Not to offend, but unless you have historical evidence that he indeed existed, then your statement remains doubtful.


----------



## bobharvey (Mar 26, 2008)

skate hawaii.. just because you believe Jesus existed doesn't mean he did. The topic is if there is historical evidence outside of the bible that says Jesus was real. 
So far everyone that claims he is real has only cited the Bible as their source.


----------



## Skate Hawaii (Mar 26, 2008)

well yeah i have no physical proof and i cant tell you what to think, but its not like theres any evidence for evolution and or the big bang.


----------



## bobharvey (Mar 26, 2008)

there is evidence for evolution...what the hell are you talking about?!


----------



## Skate Hawaii (Mar 26, 2008)

you guys have no idea how intelligent the bible is, no man could write it. if you were to read that and to understand it all, you could not disagree.


----------



## Skate Hawaii (Mar 26, 2008)

could u prove it?


----------



## bobharvey (Mar 26, 2008)

men wrote the bible too...again what the hell are you talking about?


----------



## Skate Hawaii (Mar 26, 2008)

well yeah they physically wrote it, but they didnt come up with it


----------



## bobharvey (Mar 26, 2008)

okay well the point of this is for people to give me proof he existed and you haven't done that..so thanks for trying


----------



## Skate Hawaii (Mar 26, 2008)

please support your answer with evolution. i really would want to know because if im wrong about that or the big bang, than i would complain to a series of videos on that which i got my information on.


----------



## 73hwiz (Mar 26, 2008)

I'm willing to believe Jesus was real, but the son of God, that's a stretch...actually God is a stretch. I think he was just a Jew who was pissed at the system and wanted to change it. I'd be willing to bet a lot of the details were added by later Christians to make the story more engaging.


----------



## Skate Hawaii (Mar 26, 2008)

73hwiz said:


> I'm willing to believe Jesus was real, but the son of God, that's a stretch...actually God is a stretch. I think he was just a Jew who was pissed at the system and wanted to change it. I'd be willing to bet a lot of the details were added by later Christians to make the story more engaging.

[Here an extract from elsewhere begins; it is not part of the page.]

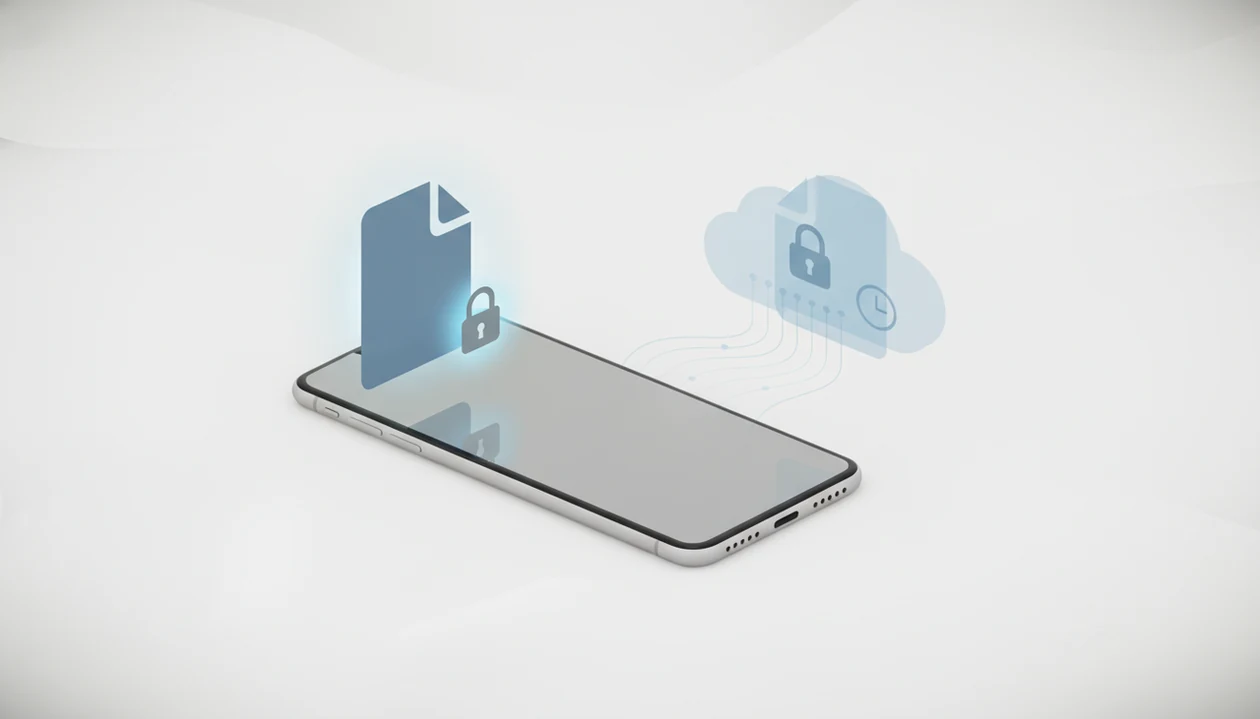 A phone, document icons, locks, and a cloud illustrate privacy choices in PDF to Word conversion.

thats stupid. god is not a human being. jesus was, and he was gods son. god is a trinity- the father (god), the son (jesus), and the spirit (holy spirit). 

again, i have no proof for this im just saying that thats what i believe.


----------



## Skate Hawaii (Mar 26, 2008)

seriously please prove to me evolution was real


----------



## Miracle Smoke (Mar 26, 2008)

Then explain to me where the hell we came from? 

This is going to go out of hand due to ignorance......

If you would look at nature you would 
clearly understand that evolution is logical.

Specifically animals, why are there subspecies of felines, dogs, monkeys, fish and etc.

Just as there is different races of human beings.


----------



## boooky (Mar 26, 2008)

Miracle Smoke said:


> Then explain to me where the hell we came from?
> 
> This is going to go out of hand due to ignorance......
> 
> ...


Aliens made us....Breed us like cocker spaniels....WHY IS NOBODY LISCENING?!


----------



## Miracle Smoke (Mar 26, 2008)

I thought about that, really.

About the annunaki and such.

To be honest, if it were true i wouldn't be surprised.


----------



## Skate Hawaii (Mar 26, 2008)

no proof, its just a thought, and a theory. (but like again im not saying that i can prove that god exists)


----------



## trishmybiscuits (Mar 26, 2008)

Christianity has been debunked once and for all:

The final debunking of Christianity


----------



## email468 (Mar 26, 2008)

Skate Hawaii said:


> please support your answer with evolution. i really would want to know because if im wrong about that or the big bang, than i would complain to a series of videos on that which i got my information on.


for evidence in favor of evolution: any biology 101 book and the science of biology, genetics, paleontology, zoology - if you prefer lighter reading - just about anything by Richard Dawkins (The Blind Watchmaker is a good place to start)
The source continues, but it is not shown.